OS OMBROS QUE SUPORTAM O MUNDO
Flávia Cintra
 
 

Naquela tarde eu saí da Lafontaine-Dauphin Opticiens com os meus novos óculos de grau. Aproveitei e também comprei um de sol, para estrear na viagem do fim de semana à Riviera. Carregava, além dos pares de óculos, alguns livros que havia comprado para ler no avião. A viagem para o Brasil era muito cansativa e um bom livro (combinado a uma exata dose de calmante) sempre me distraía do meu quase exagerado pânico de voar.

Eu estava perto do Jardin du Luxembourg e quis ver as cores.

O tempo estava úmido, mas não chovia. O sol não aparecia há quatro dias. Eu me sentia sufocada por aquela claridade incompleta. Ainda bem que em Nice o sol brilhava, me esperando.

De uma cabine, liguei em casa. Ninguém atendeu. Voltei ao meu propósito: precisava ver as cores. E pensava no mar.

Olhei as horas e fiz planos de também ir ao Pantheón, mas calculei que já não daria tempo. Passava das 17h e, àquela época do ano, ele ficava aberto somente até as 16h. Mas não me esqueceria de visitar o túmulo de Jean Moulin quando voltasse do Brasil.

Eu sempre andava pelas ruas observando atentamente as pessoas que passavam por mim. Tentava adivinhar de onde vinham, o que faziam ali e examinava, curiosa, a expressão de seus olhos.

Naquele dia eu não fizera isto. Inexplicavelmente. Talvez por isso eu não vi aquele olhar incrédulo pelo qual passei um pouco antes de alcançar o meu itinerário. Eu só pude sentir que, por instinto, passei a andar mais depressa. As ruas não estavam cheias e eu ouvi alguém que vinha atrás de mim, caminhando em alegretto. Passou-me pelo lado direito e lembro que vi ser o dono daquele apressado passo um homem de meia-idade, calvo e muito bem vestido: típico francês.

Sem que eu soubesse, aqueles assustados olhos de instantes antes me acompanharam. Vieram comigo pela Rue de Rennes, pelo Boulevard Raspail, pela Rue de Fleures e chegamos juntos ao Jardin du Luxembourg. E eu nem percebi.

Ah, e as cores?! O ar, as flores, aquele verde todo! Até o sol pareceu querer sair naquele fim de tarde como que para me agradar.
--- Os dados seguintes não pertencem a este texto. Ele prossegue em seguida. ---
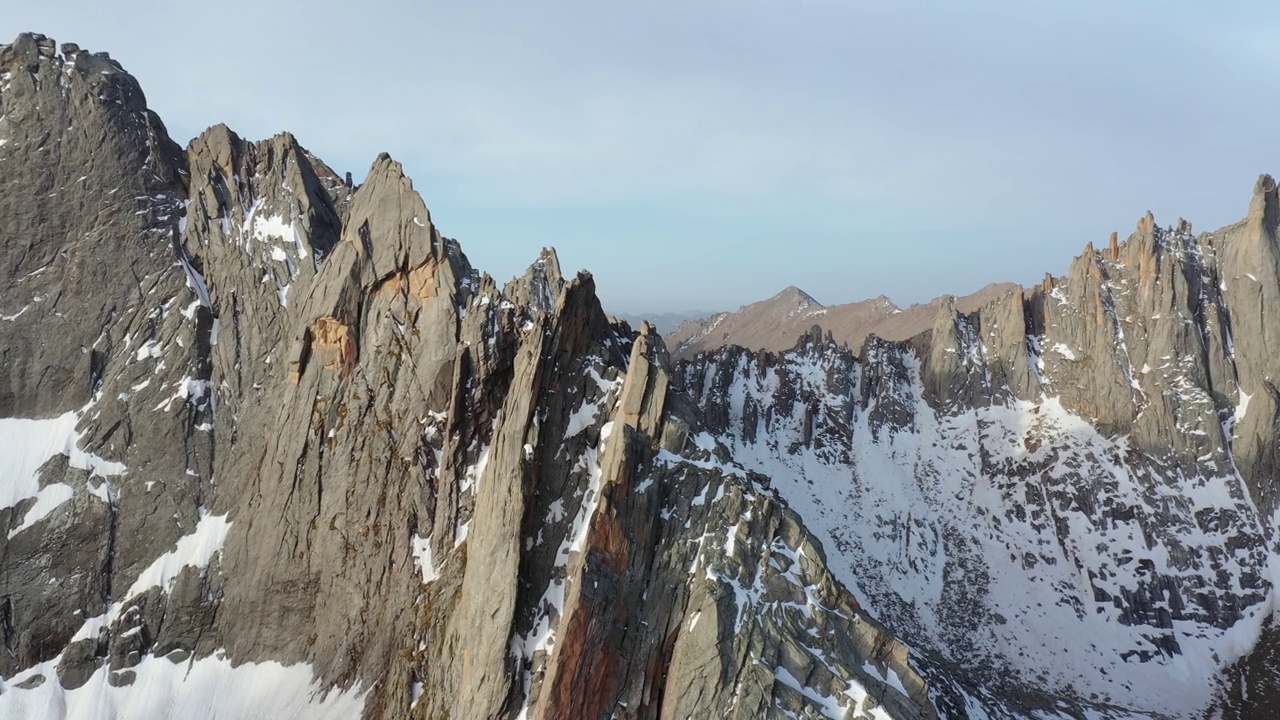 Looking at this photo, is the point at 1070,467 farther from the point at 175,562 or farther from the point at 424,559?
the point at 175,562

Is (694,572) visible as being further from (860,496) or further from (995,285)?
(995,285)

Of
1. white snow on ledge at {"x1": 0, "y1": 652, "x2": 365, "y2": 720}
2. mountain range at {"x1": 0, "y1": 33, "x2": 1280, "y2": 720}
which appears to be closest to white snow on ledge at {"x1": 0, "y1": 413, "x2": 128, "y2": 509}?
mountain range at {"x1": 0, "y1": 33, "x2": 1280, "y2": 720}

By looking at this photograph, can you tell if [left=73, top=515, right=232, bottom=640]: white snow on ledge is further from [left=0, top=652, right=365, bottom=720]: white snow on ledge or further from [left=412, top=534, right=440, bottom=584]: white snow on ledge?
[left=412, top=534, right=440, bottom=584]: white snow on ledge

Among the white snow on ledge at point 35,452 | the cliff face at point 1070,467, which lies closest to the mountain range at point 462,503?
the white snow on ledge at point 35,452

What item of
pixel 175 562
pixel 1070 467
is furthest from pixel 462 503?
pixel 1070 467

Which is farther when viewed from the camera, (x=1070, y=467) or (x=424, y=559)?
(x=1070, y=467)

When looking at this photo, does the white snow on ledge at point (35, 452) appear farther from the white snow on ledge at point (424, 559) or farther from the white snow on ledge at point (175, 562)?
the white snow on ledge at point (424, 559) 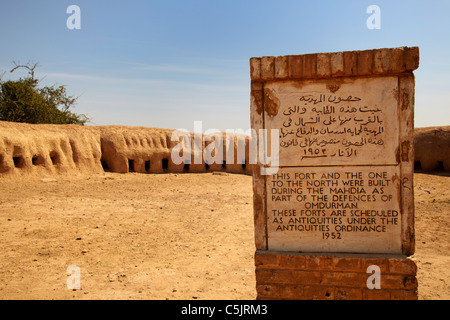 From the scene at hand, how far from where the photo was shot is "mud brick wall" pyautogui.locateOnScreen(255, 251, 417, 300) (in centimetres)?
322

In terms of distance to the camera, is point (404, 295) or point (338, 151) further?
point (338, 151)

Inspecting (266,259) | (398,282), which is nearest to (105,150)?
(266,259)

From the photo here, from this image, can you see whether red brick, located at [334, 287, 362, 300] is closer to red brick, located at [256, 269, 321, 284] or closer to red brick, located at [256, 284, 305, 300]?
red brick, located at [256, 269, 321, 284]

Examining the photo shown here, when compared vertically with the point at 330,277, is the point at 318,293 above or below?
below

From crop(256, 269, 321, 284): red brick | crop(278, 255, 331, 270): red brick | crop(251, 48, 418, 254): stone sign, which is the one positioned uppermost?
crop(251, 48, 418, 254): stone sign

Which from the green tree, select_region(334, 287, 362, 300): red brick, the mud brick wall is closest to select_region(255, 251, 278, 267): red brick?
the mud brick wall

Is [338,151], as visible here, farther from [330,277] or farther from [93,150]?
[93,150]

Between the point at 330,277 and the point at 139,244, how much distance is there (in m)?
3.85

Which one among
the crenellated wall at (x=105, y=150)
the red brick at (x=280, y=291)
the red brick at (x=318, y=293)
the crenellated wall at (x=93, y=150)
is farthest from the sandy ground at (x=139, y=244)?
the crenellated wall at (x=105, y=150)

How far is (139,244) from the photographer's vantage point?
611 centimetres

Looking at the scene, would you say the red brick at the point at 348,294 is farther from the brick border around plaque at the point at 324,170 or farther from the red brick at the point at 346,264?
the red brick at the point at 346,264

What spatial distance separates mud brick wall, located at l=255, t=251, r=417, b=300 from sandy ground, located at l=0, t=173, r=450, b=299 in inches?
28.6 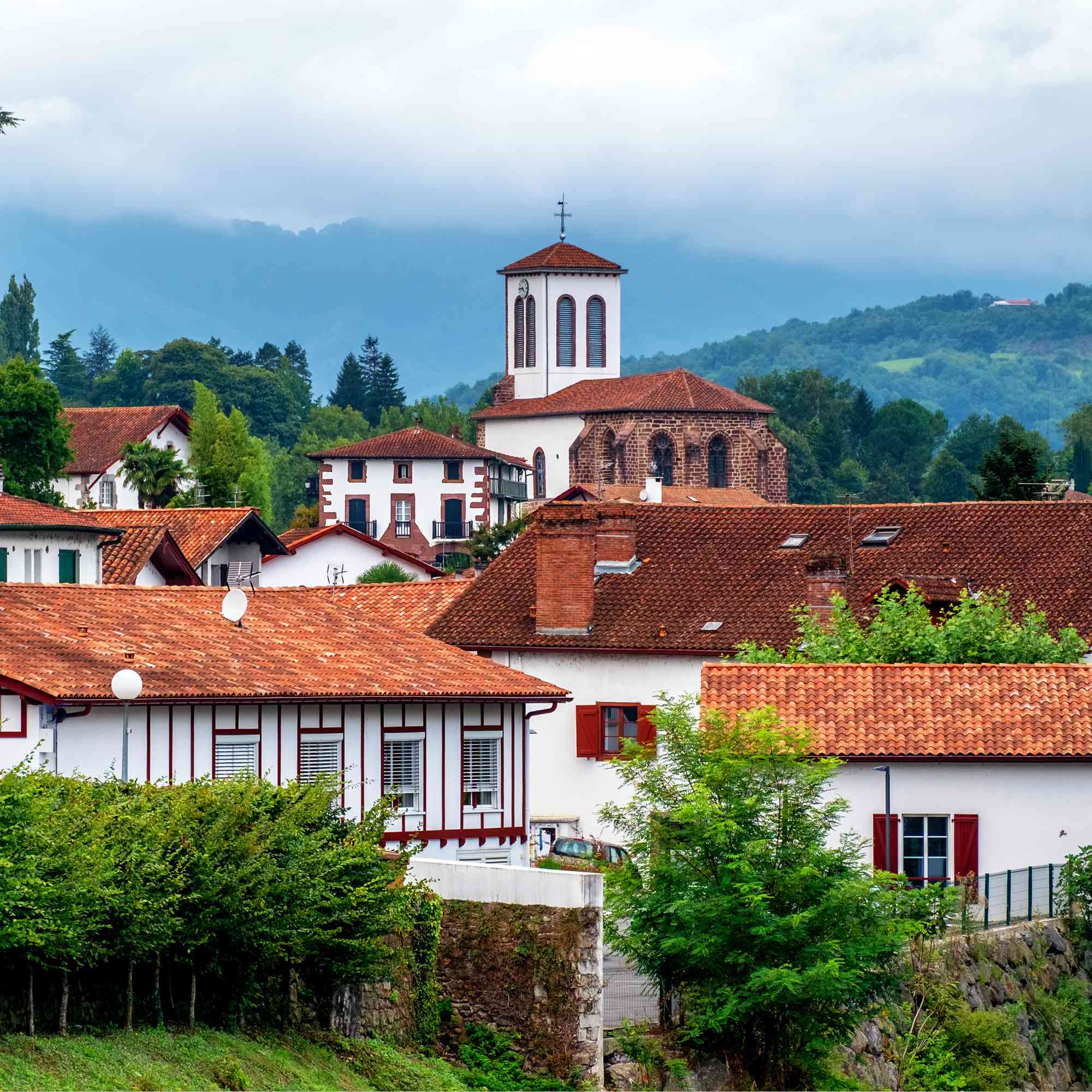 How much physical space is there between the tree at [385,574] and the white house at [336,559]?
375 millimetres

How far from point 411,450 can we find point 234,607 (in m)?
97.4

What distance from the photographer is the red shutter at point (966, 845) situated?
34812mm

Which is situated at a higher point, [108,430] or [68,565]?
[108,430]

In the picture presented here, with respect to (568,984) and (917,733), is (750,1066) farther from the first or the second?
(917,733)

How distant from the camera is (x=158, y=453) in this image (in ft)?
326

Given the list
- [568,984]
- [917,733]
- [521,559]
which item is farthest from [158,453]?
[568,984]

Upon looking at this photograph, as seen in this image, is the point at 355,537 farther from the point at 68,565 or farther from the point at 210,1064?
the point at 210,1064

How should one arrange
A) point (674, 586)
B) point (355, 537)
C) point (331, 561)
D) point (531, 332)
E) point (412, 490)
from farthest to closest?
1. point (531, 332)
2. point (412, 490)
3. point (355, 537)
4. point (331, 561)
5. point (674, 586)

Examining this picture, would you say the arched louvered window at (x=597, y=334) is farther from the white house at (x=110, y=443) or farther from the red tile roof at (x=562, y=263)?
the white house at (x=110, y=443)

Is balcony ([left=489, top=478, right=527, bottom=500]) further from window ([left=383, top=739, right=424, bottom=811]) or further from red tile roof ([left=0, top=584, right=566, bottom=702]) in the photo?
window ([left=383, top=739, right=424, bottom=811])

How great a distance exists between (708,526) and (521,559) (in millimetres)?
3754

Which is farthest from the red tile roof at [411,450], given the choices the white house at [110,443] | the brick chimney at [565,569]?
the brick chimney at [565,569]

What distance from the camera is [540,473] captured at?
141000mm

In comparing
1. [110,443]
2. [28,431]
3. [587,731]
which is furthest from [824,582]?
[110,443] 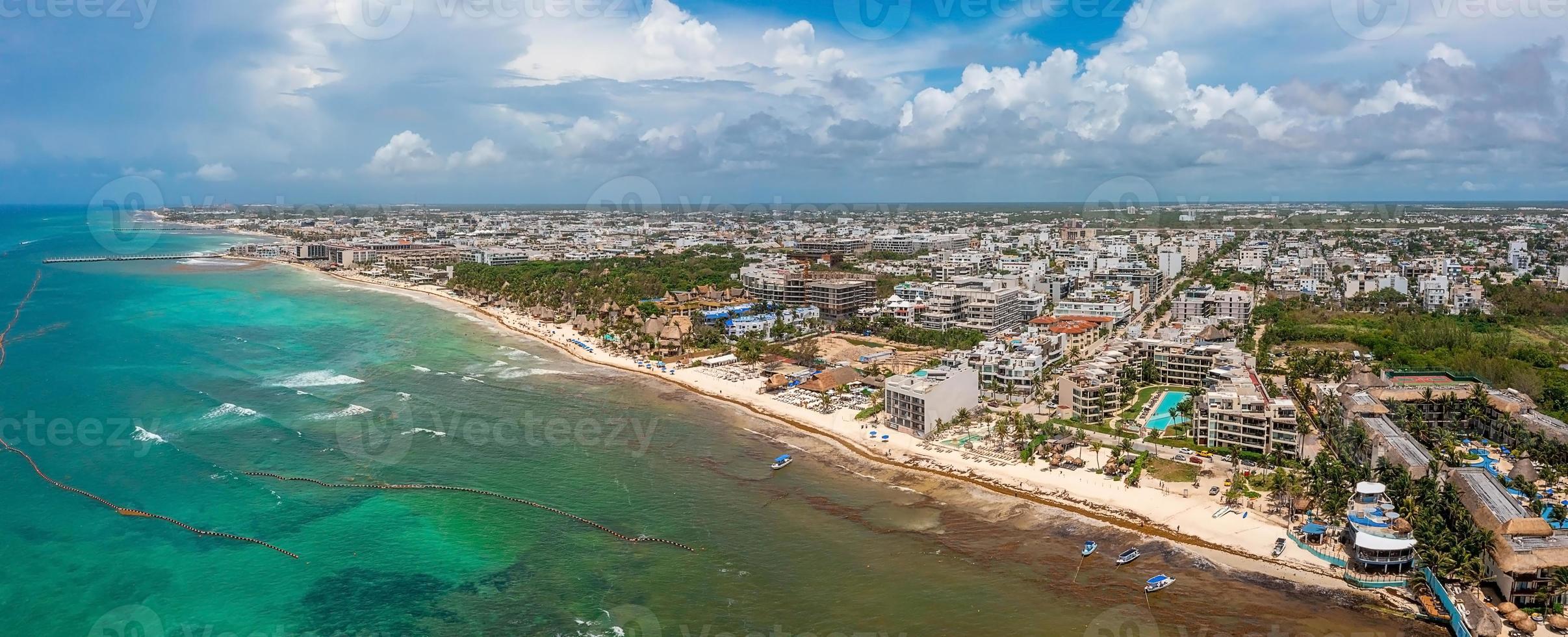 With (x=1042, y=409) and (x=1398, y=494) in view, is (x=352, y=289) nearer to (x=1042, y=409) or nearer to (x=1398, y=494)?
(x=1042, y=409)

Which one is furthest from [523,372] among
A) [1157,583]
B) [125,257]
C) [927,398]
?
[125,257]

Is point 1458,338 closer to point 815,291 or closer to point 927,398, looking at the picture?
point 927,398

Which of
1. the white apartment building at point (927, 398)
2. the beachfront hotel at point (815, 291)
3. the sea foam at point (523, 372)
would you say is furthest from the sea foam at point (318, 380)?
the beachfront hotel at point (815, 291)

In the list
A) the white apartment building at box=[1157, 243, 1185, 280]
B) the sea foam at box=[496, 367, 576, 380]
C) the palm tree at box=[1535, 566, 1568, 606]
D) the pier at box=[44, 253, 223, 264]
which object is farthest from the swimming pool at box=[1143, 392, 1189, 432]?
the pier at box=[44, 253, 223, 264]

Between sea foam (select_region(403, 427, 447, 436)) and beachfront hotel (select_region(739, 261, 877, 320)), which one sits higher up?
beachfront hotel (select_region(739, 261, 877, 320))

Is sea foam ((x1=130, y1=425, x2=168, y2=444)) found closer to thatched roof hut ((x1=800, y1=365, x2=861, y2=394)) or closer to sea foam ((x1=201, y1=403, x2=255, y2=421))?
sea foam ((x1=201, y1=403, x2=255, y2=421))

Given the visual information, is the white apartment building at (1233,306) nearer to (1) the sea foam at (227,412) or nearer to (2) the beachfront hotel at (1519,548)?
(2) the beachfront hotel at (1519,548)

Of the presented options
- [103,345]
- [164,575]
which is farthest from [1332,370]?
[103,345] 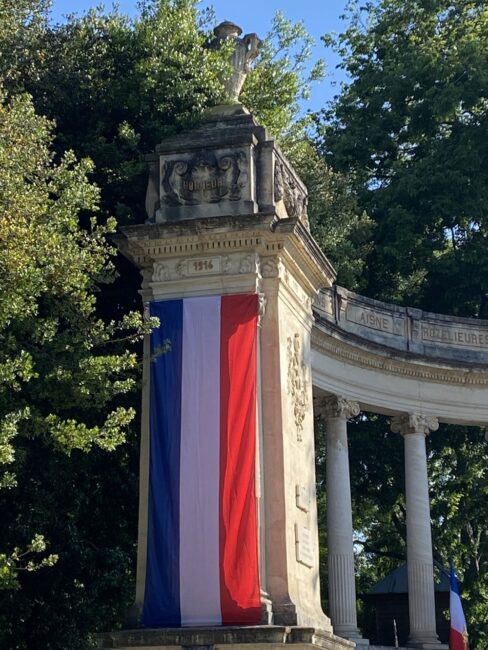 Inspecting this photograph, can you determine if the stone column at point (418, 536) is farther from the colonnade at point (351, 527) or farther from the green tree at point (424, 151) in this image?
the green tree at point (424, 151)

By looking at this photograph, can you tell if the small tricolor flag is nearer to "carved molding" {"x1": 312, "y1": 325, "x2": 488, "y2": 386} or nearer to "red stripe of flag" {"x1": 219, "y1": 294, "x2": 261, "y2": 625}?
"carved molding" {"x1": 312, "y1": 325, "x2": 488, "y2": 386}

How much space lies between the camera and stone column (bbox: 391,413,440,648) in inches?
1921

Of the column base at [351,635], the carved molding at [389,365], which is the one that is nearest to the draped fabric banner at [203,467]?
the carved molding at [389,365]

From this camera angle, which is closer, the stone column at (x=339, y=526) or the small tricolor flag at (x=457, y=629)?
the stone column at (x=339, y=526)

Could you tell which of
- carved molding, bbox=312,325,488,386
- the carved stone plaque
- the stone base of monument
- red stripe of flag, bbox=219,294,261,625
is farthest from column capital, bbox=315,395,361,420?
the stone base of monument

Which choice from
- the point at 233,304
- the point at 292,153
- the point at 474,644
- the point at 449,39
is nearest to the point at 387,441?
the point at 474,644

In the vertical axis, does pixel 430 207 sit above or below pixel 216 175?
above

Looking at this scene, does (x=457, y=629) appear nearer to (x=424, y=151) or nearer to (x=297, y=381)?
(x=297, y=381)

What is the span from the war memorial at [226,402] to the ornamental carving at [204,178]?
38mm

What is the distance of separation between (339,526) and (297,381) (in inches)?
599

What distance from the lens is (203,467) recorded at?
101ft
Minha última tarde em Paris até a volta do Brasil.

Eu olhava para o Palais du Luxembourg. Meu rosto estava voltado para a direção do Seine. E eu pensava em cancelar a viagem só pelo motivo da visita ao Pantheón (simples desculpa) e nunca mais sair de Paris, e nunca mais na vida abandonar Paris.

Alguém tocou meu ombro esquerdo. Virei-me rapidamente, assustada e indignada por terem me tirado do transe em que eu me encontrava.

Por alguns instantes vasculhei minha memória atrás daquele rosto que me sorria. E então senti o peso dos dez anos que nos separavam sobre os meus ombros. Todos os acontecimentos de uma época despencaram sobre o meu corpo franzino.

Caí desmaiada. Nunca mais me levantei.